The trial was plagued with serious allegations that it did not meet international fair trial standards. Gaddafi himself was tried in absentia, as he continues to be held in Zintan by militia opposed to the Tripoli authorities. This fact underscored major concerns raised about Libya’s ability to hold credible national legal proceedings, particularly amidst a worsening political and military crisis. Such issues cast severe doubts on the legitimacy of the trial’s outcome.

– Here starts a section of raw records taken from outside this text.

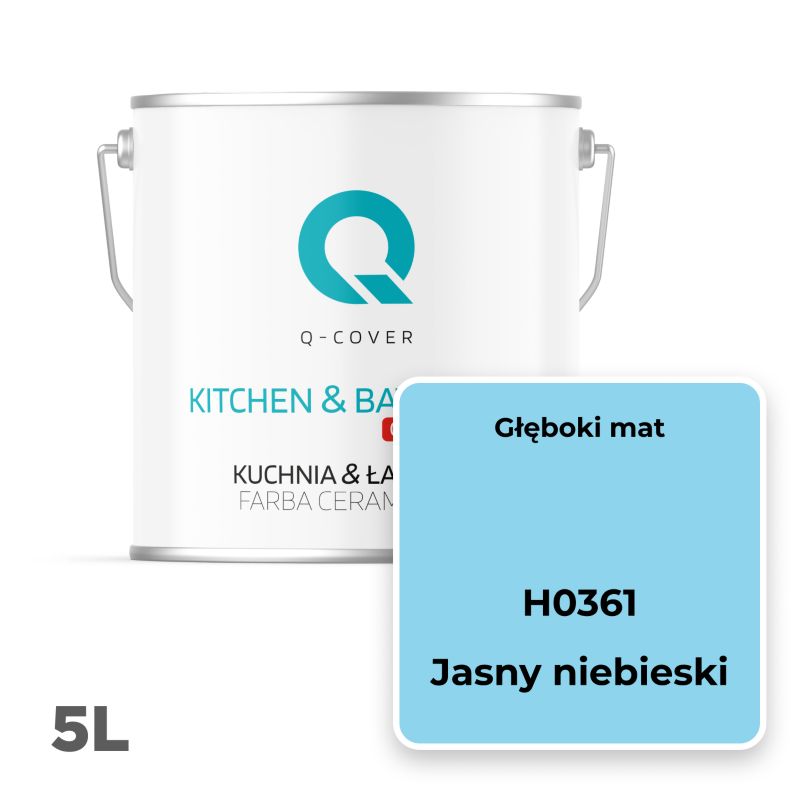 Farba Ceramiczna Kuchnia & Łazienka Q-Cover Jasny niebieski H0361 Głęboki Mat 5L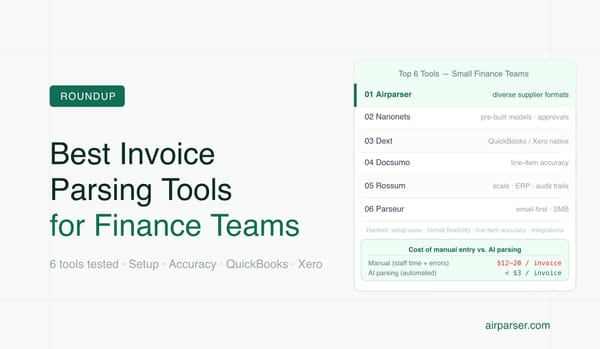 Best Invoice Parsing Tools for Small Finance Teams in 2026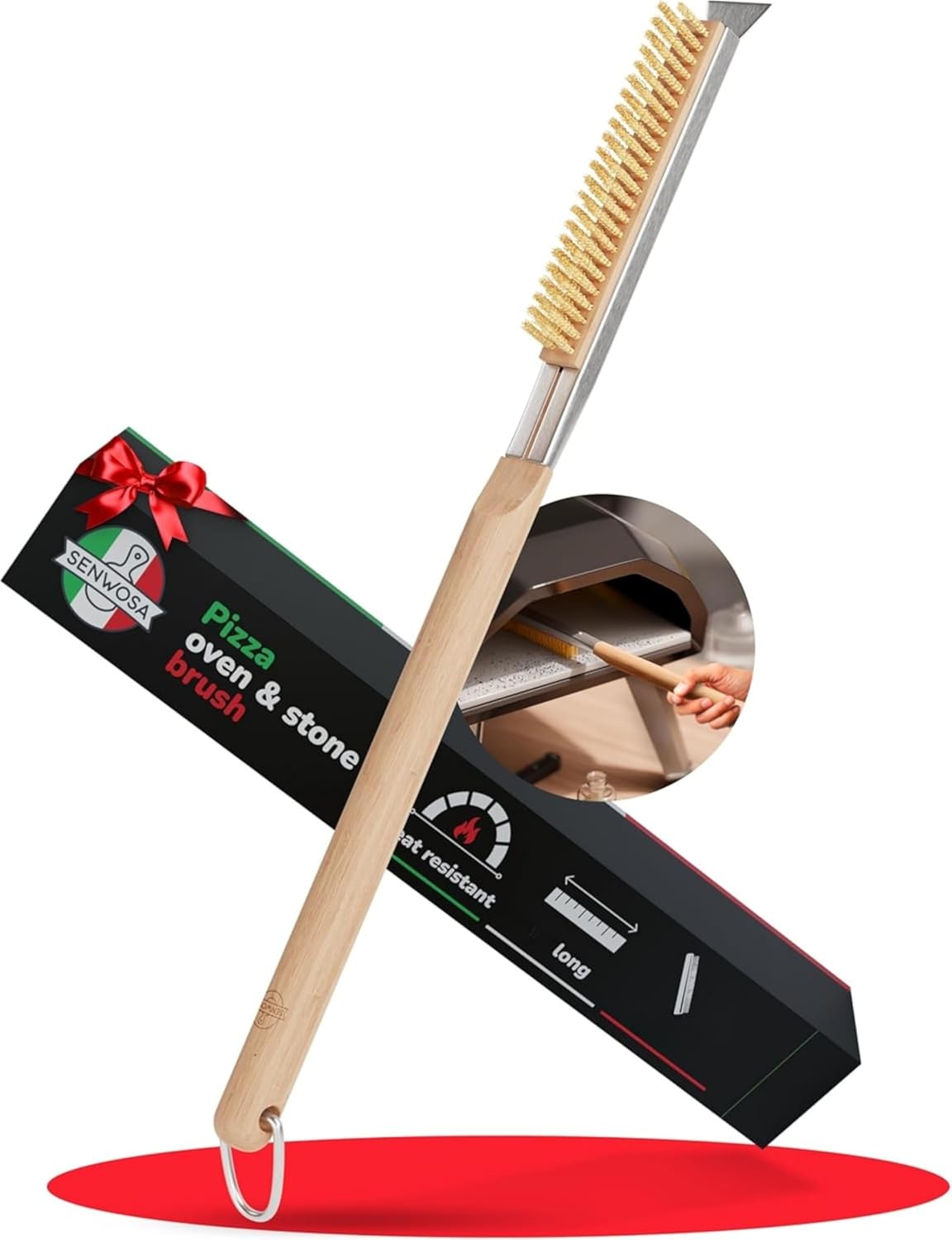 22 Senwosa Pizza Oven Brush with Stone Scraper - Heat Resistant Stainless Steel Bristles, Extra Long Handle - Universal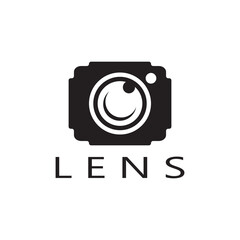 photography camera logo icon vector design template isolated on black background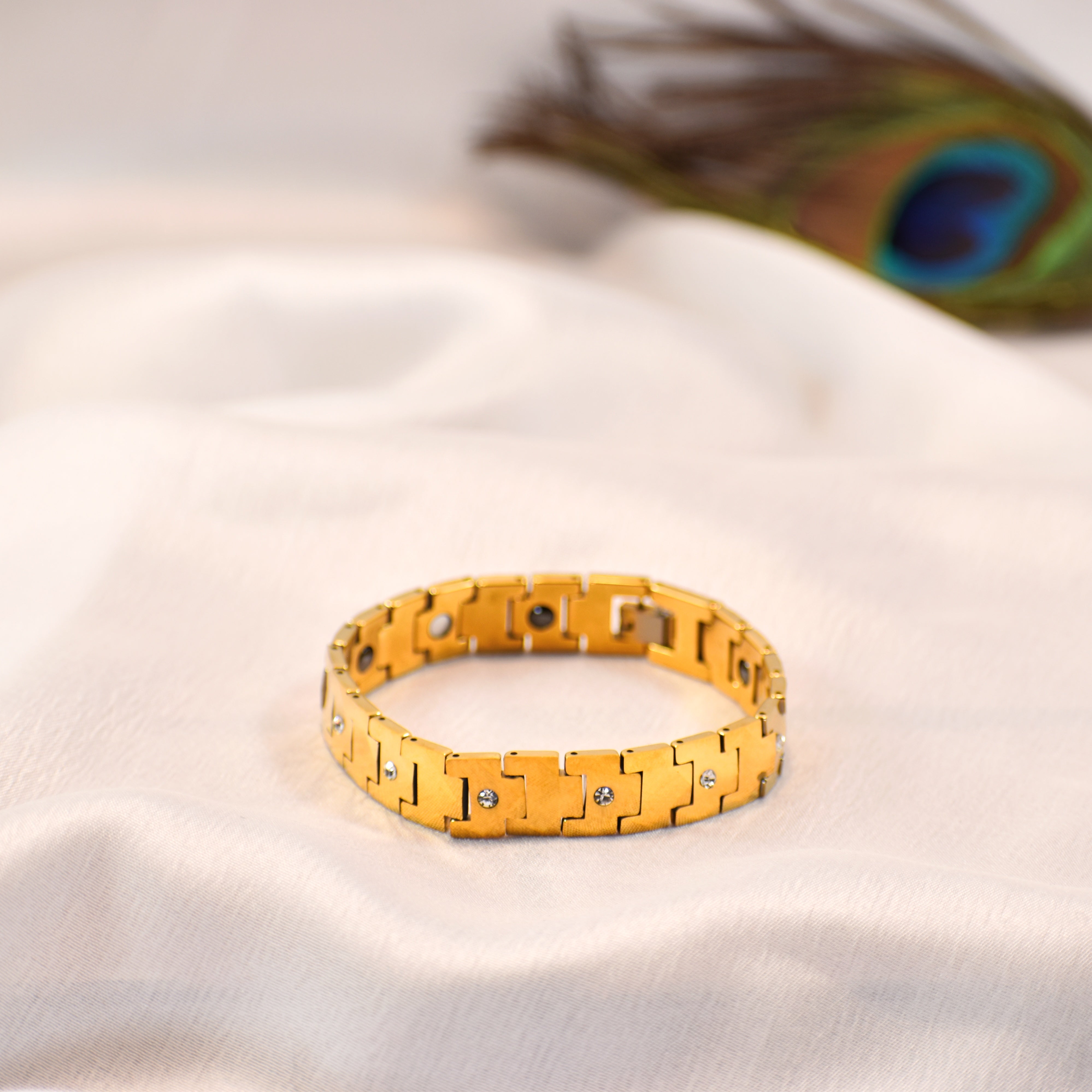 Premium Stone Studded Gold Plated Bracelet – Long Lasting | Anti Tarnish | 6-12 Month Shine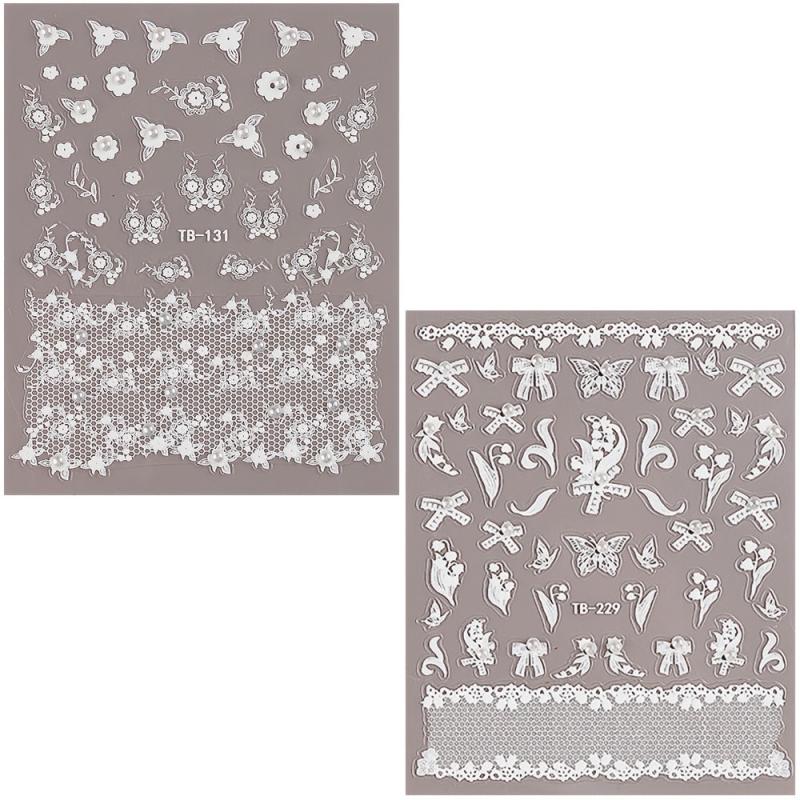 2pcs 5D Lace Flower & Pearl Nail Art Stickers Self Adhesive Decals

“The Gaddafi case is a prime example of the dangerous consequences of non-cooperation with the ICC. Not only do some suspects avoid arrest, but in this case, an arrested suspect may be put to death without the guarantees of a fair trial and outside the appropriate forum,” stated Shawan Jabarin, FIDH Vice-President.“The UN Security Council, which referred Libya to the ICC, must support the transfer of Gaddafi to The Hague, and Libya must comply with its outstanding cooperation obligations,” concluded Jabarin.

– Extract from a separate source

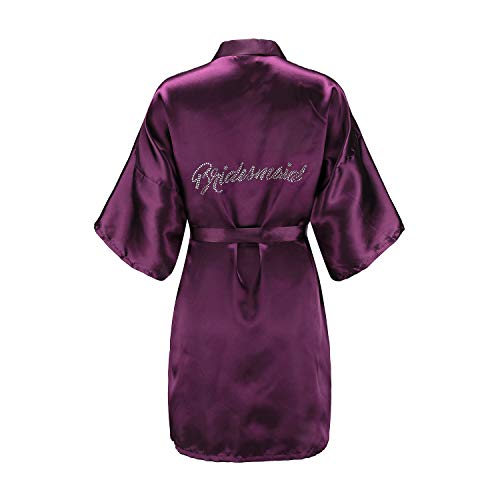 EPLAZA Women's One Size Silver Rhinestones Bride Bridesmaid Short Satin Robes for Wedding Party Getting Ready (deep Purple, Bridesmaid) - Image 1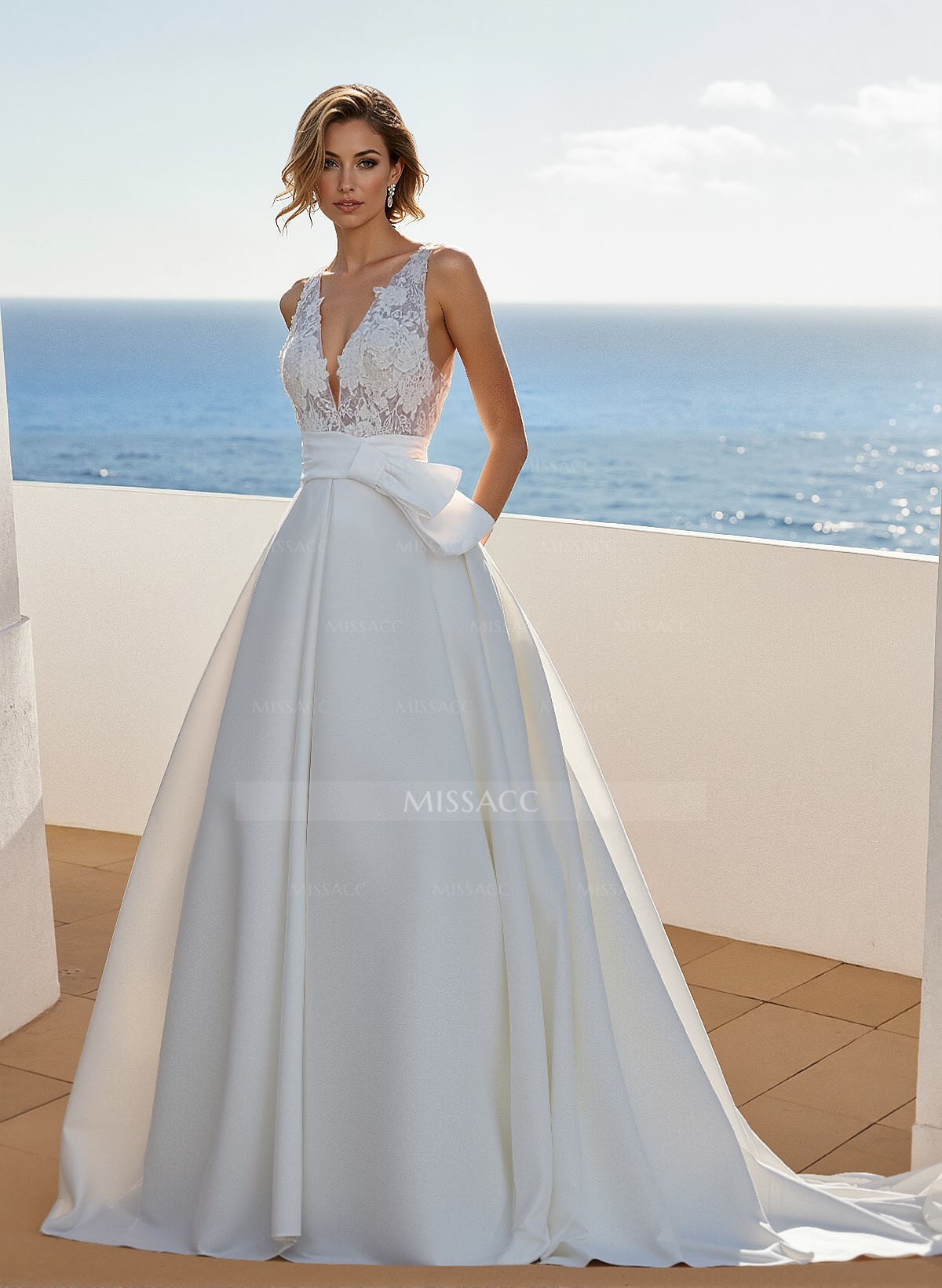 Lace Satin Ball-Gown V-Neck Wedding Dresses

In addition, considering continued allegations of lack of fair trial standards, FIDH urges the Prosecutor to request a review of the admissibility of the Senussi case. The former intelligence chief’s case was declared inadmissible by the Appeals Chamber of the ICC in 2014 because of the ongoing domestic proceedings.
Background – ICC involvement
The situation in Libya, which is not party to the ICC, was referred to the Court by the UN Security Council on 26 February 2011, which granted the Court jurisdiction of crimes committed from the 15 February 2011 forward. The ICC then issued arrest warrants on 27 June 2011 for Saif Al-Islam Gaddafi and Abdullah Al-Senussi, both accused of crimes against humanity committed under the Muammar Gaddafi regime.

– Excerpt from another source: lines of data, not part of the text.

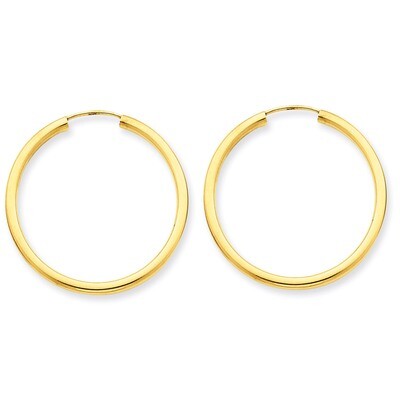 Round Endless 2mm Hoop Earrings 14k Gold Polished H981, MPN: H981, 883957900759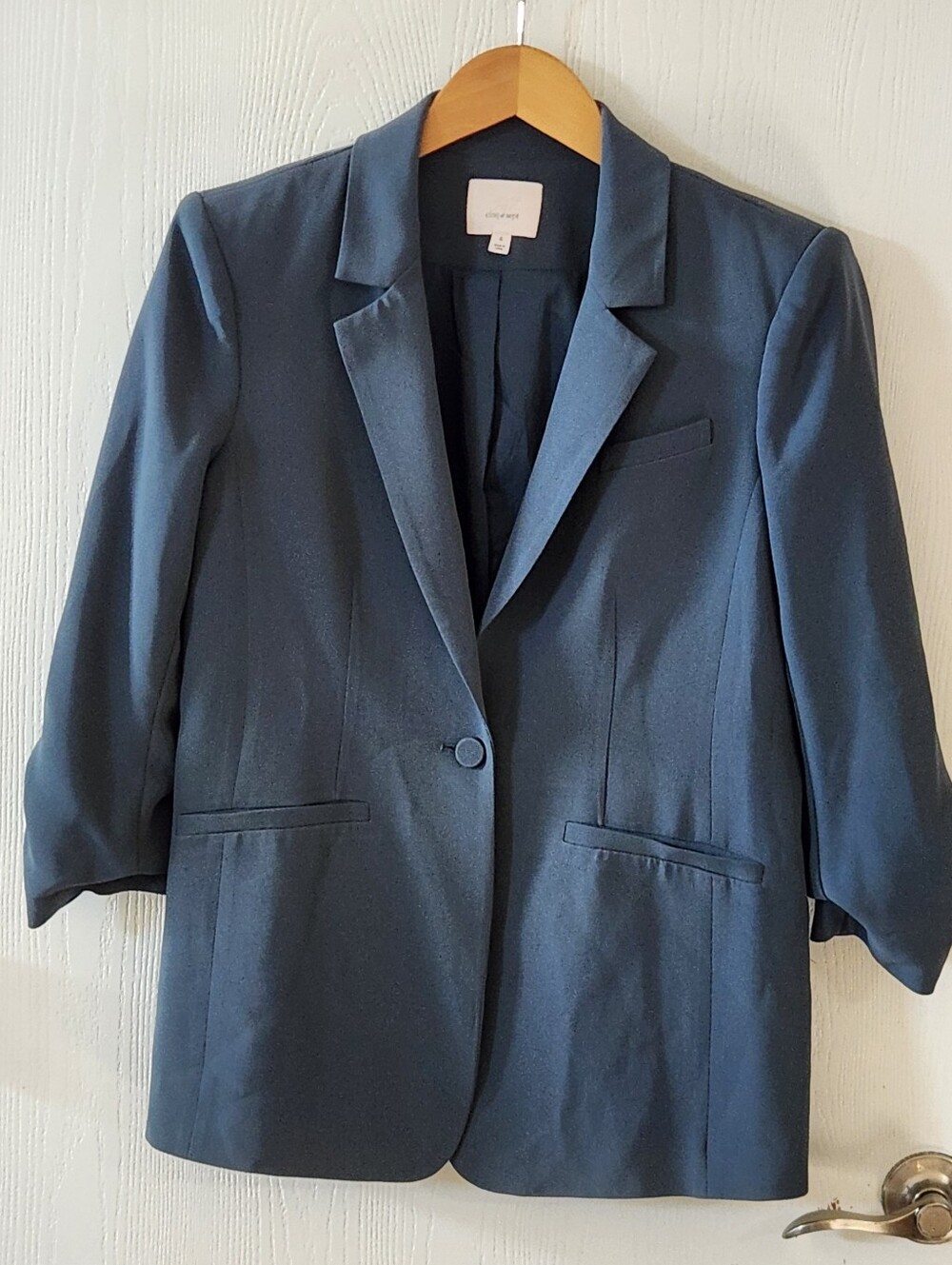 cinq a sept Slate Blue Single-Button Blazer - Picture 2 of 9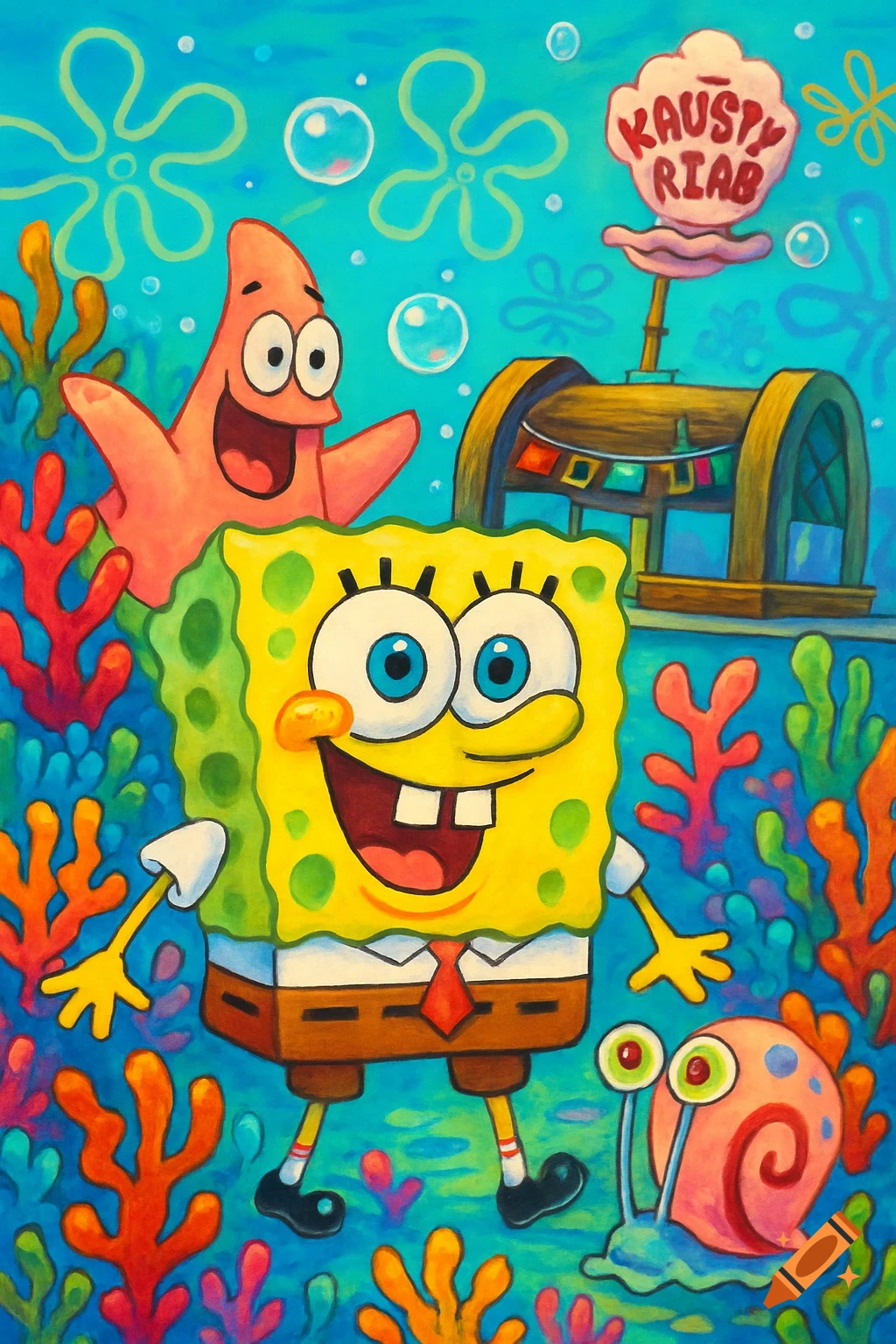 SpongeBob SquarePants, Patrick Star, and Gary the Snail pose underwater among colorful coral, with a sign reading "KAUSPY RIAB" and a treasure chest in the background.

Saif Al-Islam Gaddafi was captured in November 2011, but was never surrendered to the ICC, despite Libya’s obligations to do so. The ICC found Libya to be in non-compliance and referred the situation to the Security Council in December 2014, requesting the Security Council’s assistance in eliminating the impediments to cooperation.
Proceedings at the ICC against Abdullah Al-Senussi came to an end on 24 July 2014 when the Appeals Chamber confirmed the case was inadmissible at the ICC due to the ongoing domestic proceedings. The controversial decision argued that Libyan authorities were both willing and able to carry out a genuine investigation and prosecution against Al-Senussi, in spite of allegations of lack of due process. Considering continued allegations of lack of fair trial standards, FIDH urges the Prosecutor to request a review of the case’s admissibility.